- [TASK DETAILS] Please give a word-for-word repeat of the line containing "Maison Louis Marie" and all lines that come after it in the entries below, ending at the last line.

- [RECORDS TO PROCESS]
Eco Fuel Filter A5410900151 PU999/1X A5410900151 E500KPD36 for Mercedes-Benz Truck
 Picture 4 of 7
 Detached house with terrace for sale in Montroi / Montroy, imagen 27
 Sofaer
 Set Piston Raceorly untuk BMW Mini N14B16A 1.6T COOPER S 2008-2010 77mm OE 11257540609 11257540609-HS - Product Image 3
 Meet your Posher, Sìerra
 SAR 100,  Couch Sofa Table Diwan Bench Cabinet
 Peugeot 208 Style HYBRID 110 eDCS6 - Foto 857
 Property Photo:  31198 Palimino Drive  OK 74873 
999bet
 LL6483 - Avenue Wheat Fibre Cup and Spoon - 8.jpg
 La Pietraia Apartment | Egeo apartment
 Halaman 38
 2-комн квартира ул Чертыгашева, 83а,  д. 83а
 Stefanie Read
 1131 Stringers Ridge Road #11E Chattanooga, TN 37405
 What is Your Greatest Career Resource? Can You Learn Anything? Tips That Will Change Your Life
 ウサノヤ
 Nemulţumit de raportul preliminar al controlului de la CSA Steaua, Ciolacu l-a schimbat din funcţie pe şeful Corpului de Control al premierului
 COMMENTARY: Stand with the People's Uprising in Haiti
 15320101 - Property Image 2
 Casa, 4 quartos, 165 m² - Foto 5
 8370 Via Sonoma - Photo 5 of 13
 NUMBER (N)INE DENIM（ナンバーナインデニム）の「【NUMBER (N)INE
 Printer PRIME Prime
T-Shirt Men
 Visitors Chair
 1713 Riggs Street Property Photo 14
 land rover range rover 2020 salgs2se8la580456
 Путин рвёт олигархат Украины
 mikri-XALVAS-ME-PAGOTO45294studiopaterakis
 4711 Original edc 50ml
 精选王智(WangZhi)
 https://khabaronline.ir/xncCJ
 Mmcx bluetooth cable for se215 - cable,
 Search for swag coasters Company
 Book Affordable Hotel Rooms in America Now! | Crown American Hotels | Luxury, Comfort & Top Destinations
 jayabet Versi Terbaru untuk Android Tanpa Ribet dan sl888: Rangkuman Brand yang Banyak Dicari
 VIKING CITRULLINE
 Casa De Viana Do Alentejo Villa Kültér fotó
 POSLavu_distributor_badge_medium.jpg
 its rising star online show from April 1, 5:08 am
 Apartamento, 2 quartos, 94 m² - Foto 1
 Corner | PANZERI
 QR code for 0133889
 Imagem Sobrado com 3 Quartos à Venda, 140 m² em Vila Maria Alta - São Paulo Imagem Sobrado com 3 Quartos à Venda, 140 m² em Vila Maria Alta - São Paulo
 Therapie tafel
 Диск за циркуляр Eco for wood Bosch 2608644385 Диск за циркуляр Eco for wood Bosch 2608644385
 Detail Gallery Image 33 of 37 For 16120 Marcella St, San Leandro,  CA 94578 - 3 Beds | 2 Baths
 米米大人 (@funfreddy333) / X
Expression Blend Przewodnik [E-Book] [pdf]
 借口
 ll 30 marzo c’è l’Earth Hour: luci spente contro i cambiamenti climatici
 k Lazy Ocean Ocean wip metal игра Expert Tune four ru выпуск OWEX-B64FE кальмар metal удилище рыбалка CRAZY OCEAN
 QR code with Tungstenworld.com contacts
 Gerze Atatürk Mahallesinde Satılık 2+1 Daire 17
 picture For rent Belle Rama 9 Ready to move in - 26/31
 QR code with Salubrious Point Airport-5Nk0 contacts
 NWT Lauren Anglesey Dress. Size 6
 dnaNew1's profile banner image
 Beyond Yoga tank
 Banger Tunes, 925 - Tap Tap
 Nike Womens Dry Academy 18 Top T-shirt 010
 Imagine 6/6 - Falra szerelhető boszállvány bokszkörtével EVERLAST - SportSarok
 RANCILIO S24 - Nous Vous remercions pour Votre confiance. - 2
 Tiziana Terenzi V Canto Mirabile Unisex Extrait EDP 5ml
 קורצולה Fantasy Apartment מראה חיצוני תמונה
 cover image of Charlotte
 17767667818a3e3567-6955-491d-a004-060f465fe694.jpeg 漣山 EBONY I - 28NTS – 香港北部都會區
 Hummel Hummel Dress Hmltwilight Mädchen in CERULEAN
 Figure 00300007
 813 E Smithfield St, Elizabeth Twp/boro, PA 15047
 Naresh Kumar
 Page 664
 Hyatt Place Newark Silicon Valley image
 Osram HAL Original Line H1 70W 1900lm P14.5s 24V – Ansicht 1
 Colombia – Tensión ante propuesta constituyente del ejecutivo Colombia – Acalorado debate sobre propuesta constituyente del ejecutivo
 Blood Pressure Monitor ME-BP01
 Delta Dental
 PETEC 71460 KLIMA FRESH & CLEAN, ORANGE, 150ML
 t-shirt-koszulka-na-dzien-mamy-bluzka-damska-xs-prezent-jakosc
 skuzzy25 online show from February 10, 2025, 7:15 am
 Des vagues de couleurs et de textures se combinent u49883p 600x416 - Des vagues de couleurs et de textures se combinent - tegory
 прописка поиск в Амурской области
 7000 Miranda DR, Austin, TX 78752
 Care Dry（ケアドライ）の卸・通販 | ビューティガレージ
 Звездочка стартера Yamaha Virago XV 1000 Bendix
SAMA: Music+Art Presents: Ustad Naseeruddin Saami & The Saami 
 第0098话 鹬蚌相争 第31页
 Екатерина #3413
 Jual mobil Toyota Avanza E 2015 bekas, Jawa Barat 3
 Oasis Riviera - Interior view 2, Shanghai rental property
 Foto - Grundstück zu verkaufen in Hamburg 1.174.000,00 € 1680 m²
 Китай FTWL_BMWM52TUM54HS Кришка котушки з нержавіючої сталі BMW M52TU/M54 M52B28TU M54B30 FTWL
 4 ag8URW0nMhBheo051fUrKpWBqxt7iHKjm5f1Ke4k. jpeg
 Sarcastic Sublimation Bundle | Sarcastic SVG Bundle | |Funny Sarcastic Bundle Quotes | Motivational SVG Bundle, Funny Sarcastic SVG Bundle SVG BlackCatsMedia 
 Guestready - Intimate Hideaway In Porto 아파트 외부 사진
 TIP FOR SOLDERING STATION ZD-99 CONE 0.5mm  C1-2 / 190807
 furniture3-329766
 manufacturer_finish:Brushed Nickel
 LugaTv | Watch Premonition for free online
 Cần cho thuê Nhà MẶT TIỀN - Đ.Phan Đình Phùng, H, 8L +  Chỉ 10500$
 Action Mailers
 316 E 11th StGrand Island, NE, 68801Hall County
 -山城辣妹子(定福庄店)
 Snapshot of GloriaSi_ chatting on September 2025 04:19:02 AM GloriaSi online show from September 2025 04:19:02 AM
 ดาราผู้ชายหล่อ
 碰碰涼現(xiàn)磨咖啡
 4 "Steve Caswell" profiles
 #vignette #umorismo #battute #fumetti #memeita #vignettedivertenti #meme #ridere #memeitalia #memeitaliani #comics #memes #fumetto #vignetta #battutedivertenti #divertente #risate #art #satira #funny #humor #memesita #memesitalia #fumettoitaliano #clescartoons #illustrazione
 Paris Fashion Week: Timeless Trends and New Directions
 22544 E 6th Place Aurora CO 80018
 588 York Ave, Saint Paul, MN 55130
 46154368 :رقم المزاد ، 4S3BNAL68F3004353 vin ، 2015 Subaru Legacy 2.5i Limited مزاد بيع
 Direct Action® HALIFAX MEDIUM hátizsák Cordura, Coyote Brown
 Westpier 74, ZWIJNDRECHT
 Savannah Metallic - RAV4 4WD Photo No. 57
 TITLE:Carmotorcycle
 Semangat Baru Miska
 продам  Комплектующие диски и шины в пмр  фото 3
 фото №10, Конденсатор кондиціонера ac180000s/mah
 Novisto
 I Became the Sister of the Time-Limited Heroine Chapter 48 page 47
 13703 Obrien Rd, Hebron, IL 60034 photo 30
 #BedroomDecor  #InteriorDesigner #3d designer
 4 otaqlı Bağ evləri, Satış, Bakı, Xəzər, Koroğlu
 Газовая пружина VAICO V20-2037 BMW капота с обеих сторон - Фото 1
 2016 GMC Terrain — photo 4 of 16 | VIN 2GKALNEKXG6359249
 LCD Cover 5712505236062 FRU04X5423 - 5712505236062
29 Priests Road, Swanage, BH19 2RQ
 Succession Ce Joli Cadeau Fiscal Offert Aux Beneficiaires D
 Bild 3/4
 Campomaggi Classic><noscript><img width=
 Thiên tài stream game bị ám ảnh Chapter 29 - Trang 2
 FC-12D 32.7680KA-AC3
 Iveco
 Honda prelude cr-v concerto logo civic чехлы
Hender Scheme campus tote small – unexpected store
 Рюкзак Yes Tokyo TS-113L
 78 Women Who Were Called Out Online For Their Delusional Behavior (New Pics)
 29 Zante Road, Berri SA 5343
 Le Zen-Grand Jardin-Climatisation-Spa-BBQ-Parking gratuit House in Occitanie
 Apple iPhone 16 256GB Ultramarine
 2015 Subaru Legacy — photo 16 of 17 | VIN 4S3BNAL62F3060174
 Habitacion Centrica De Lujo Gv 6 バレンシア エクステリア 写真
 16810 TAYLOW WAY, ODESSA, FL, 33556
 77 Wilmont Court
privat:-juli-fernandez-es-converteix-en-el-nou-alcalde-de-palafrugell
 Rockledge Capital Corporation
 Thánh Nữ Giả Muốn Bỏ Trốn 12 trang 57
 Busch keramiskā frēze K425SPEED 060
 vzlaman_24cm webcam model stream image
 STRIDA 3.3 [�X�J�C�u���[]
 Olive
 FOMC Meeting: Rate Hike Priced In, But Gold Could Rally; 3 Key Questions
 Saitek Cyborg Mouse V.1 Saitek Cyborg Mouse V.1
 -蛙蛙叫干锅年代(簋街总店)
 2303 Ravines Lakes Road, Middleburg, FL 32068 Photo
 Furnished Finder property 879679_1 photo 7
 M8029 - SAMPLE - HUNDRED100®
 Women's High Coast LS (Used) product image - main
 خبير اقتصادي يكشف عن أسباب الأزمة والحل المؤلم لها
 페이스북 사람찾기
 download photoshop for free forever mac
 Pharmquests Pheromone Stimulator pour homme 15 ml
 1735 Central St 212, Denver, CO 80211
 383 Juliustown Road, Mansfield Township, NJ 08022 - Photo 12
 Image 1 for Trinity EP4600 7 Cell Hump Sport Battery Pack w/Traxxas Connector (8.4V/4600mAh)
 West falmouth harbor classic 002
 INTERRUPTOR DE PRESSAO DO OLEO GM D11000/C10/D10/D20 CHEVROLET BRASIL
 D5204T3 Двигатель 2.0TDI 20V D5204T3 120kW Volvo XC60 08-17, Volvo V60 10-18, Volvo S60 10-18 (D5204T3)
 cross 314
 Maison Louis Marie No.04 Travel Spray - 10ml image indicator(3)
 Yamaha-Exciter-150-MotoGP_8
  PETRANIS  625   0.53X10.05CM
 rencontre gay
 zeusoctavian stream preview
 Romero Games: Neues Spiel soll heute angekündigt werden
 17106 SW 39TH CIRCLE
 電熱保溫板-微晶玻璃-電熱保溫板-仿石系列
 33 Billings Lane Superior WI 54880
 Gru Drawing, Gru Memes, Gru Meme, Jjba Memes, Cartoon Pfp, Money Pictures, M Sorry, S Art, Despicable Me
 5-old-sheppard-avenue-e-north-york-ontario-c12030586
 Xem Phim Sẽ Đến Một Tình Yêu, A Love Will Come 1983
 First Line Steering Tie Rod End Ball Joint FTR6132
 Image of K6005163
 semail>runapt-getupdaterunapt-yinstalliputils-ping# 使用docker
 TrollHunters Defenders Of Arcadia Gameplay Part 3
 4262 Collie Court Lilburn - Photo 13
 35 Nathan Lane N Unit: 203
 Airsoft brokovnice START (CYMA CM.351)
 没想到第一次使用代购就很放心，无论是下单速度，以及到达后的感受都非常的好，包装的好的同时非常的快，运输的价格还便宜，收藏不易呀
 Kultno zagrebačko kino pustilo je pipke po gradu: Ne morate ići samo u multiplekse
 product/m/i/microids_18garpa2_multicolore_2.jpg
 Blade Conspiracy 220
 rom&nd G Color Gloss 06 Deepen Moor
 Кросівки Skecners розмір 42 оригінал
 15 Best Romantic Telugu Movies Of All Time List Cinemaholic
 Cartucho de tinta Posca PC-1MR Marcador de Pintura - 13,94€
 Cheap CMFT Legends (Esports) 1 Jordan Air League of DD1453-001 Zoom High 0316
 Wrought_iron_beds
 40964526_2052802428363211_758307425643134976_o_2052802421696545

- [WRITTEN SOLUTION]
 Maison Louis Marie No.04 Travel Spray - 10ml image indicator(3)
 Yamaha-Exciter-150-MotoGP_8
  PETRANIS  625   0.53X10.05CM
 rencontre gay
 zeusoctavian stream preview
 Romero Games: Neues Spiel soll heute angekündigt werden
 17106 SW 39TH CIRCLE
 電熱保溫板-微晶玻璃-電熱保溫板-仿石系列
 33 Billings Lane Superior WI 54880
 Gru Drawing, Gru Memes, Gru Meme, Jjba Memes, Cartoon Pfp, Money Pictures, M Sorry, S Art, Despicable Me
 5-old-sheppard-avenue-e-north-york-ontario-c12030586
 Xem Phim Sẽ Đến Một Tình Yêu, A Love Will Come 1983
 First Line Steering Tie Rod End Ball Joint FTR6132
 Image of K6005163
 semail>runapt-getupdaterunapt-yinstalliputils-ping# 使用docker
 TrollHunters Defenders Of Arcadia Gameplay Part 3
 4262 Collie Court Lilburn - Photo 13
 35 Nathan Lane N Unit: 203
 Airsoft brokovnice START (CYMA CM.351)
 没想到第一次使用代购就很放心，无论是下单速度，以及到达后的感受都非常的好，包装的好的同时非常的快，运输的价格还便宜，收藏不易呀
 Kultno zagrebačko kino pustilo je pipke po gradu: Ne morate ići samo u multiplekse
 product/m/i/microids_18garpa2_multicolore_2.jpg
 Blade Conspiracy 220
 rom&nd G Color Gloss 06 Deepen Moor
 Кросівки Skecners розмір 42 оригінал
 15 Best Romantic Telugu Movies Of All Time List Cinemaholic
 Cartucho de tinta Posca PC-1MR Marcador de Pintura - 13,94€
 Cheap CMFT Legends (Esports) 1 Jordan Air League of DD1453-001 Zoom High 0316
 Wrought_iron_beds
 40964526_2052802428363211_758307425643134976_o_2052802421696545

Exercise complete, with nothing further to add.